#### Your task
Retype exactly the lines from the one containing "六爻事业，揭秘如何通过六爻事业吉凶" through the last line of the records below, including both, and leave out any pictures.

Captioned web images

● ● ● ●

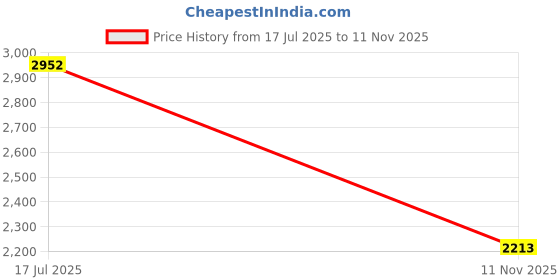 myntra.com Mafadeny Drop-Waist Midi Dress mafadeny Price History Graph from 17 Jul 2025 to 11 Nov 2025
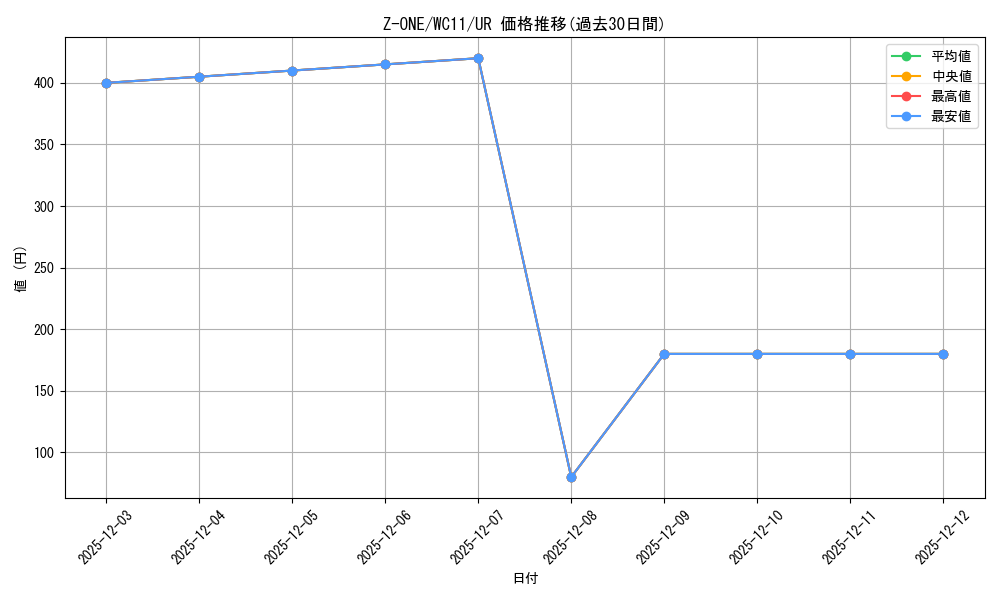 card_607040_series_489985_rarity_540536_graph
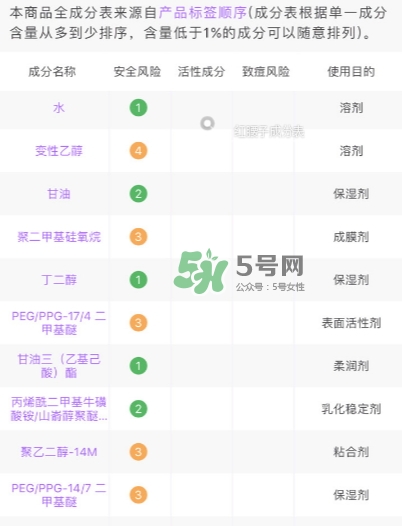 小棕瓶和紅腰子哪個好？小棕瓶和紅腰子對比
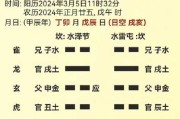 六爻事业，揭秘如何通过六爻事业吉凶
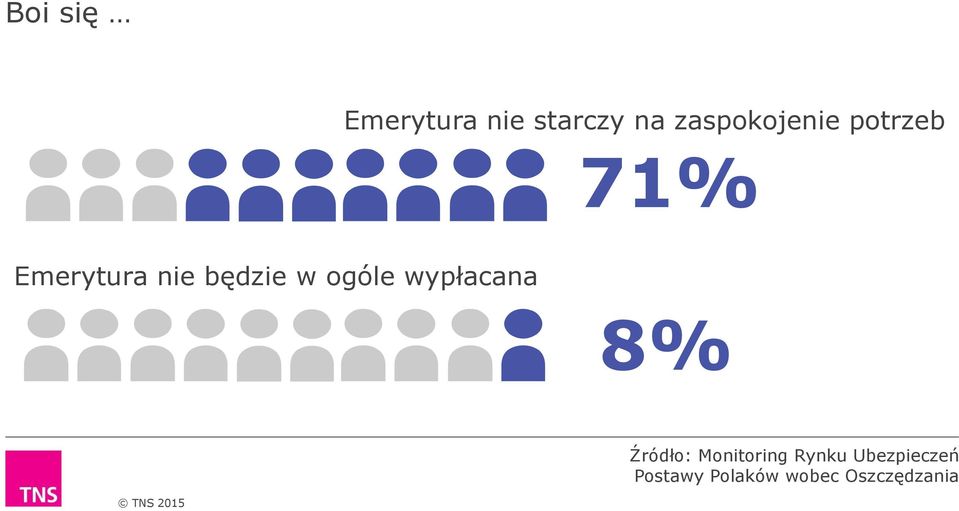 będzie w ogóle wypłacana 8% Źródło:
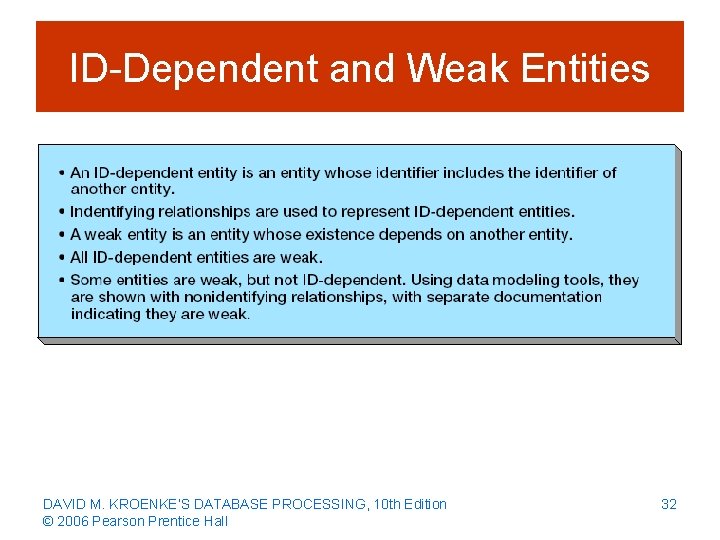 ID-Dependent and Weak Entities DAVID M. KROENKE’S DATABASE PROCESSING, 10 th Edition © 2006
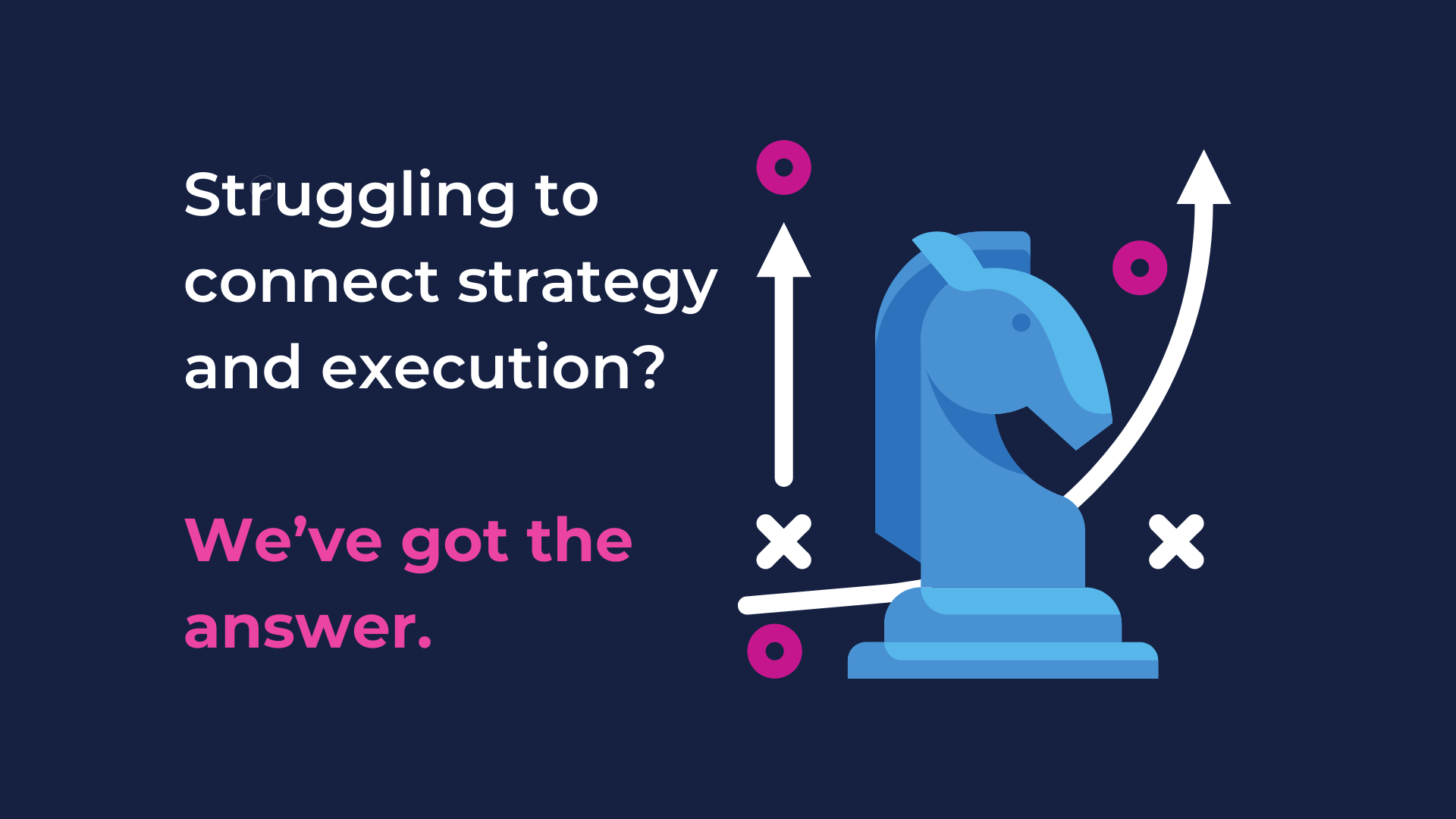 The ultimate guide to OKR's for Strategic Portfolio Management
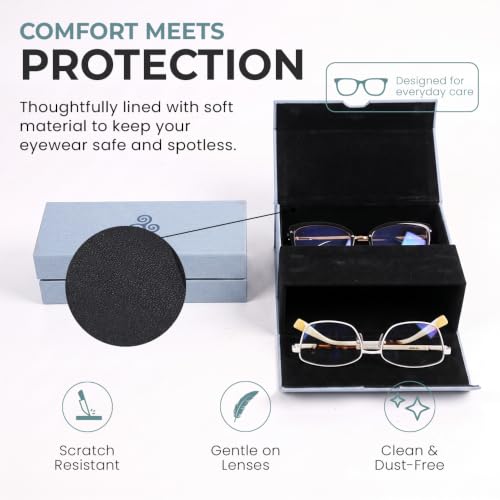 Premium Double Frame Case – Luxury PU Leather Case with Diamond-Vein Lining, Travel Storage for Two Glasses - color: Storm Blue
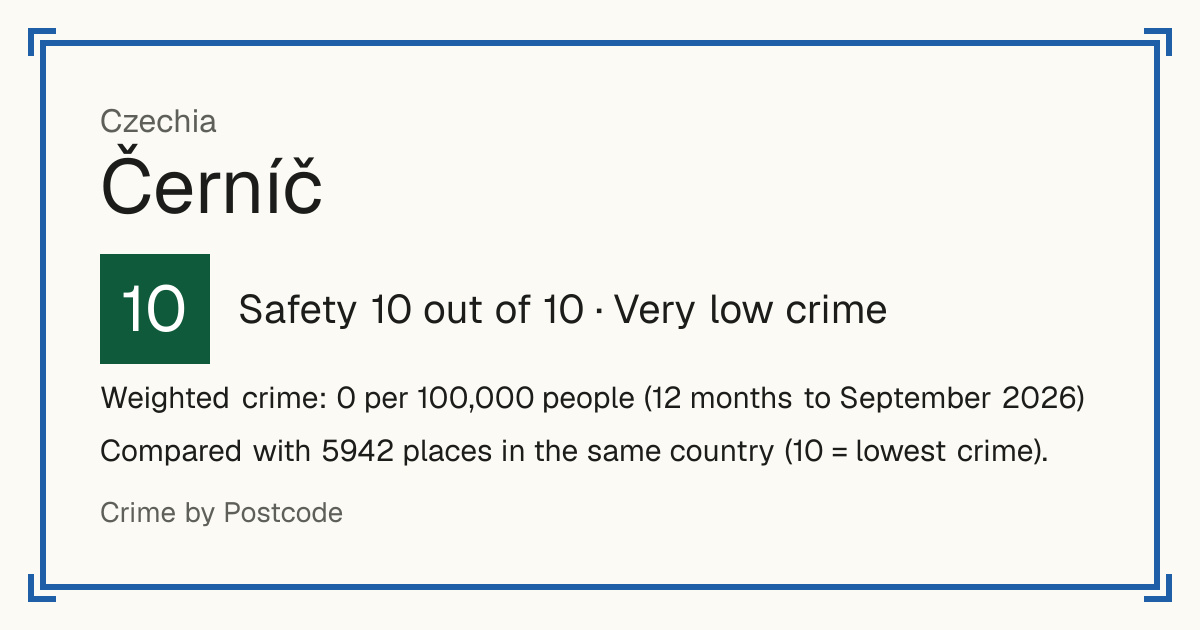 Černíč, Czechia: Safety 10 out of 10 (Very low crime). Weighted crime: 0 per 100,000 people (12 months to September 2026).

● ● ● ●

#### Output below
 六爻事业，揭秘如何通过六爻事业吉凶
 będzie w ogóle wypłacana 8% Źródło:
 ID-Dependent and Weak Entities DAVID M. KROENKE’S DATABASE PROCESSING, 10 th Edition © 2006
 The ultimate guide to OKR's for Strategic Portfolio Management
 Premium Double Frame Case – Luxury PU Leather Case with Diamond-Vein Lining, Travel Storage for Two Glasses - color: Storm Blue
 Černíč, Czechia: Safety 10 out of 10 (Very low crime). Weighted crime: 0 per 100,000 people (12 months to September 2026).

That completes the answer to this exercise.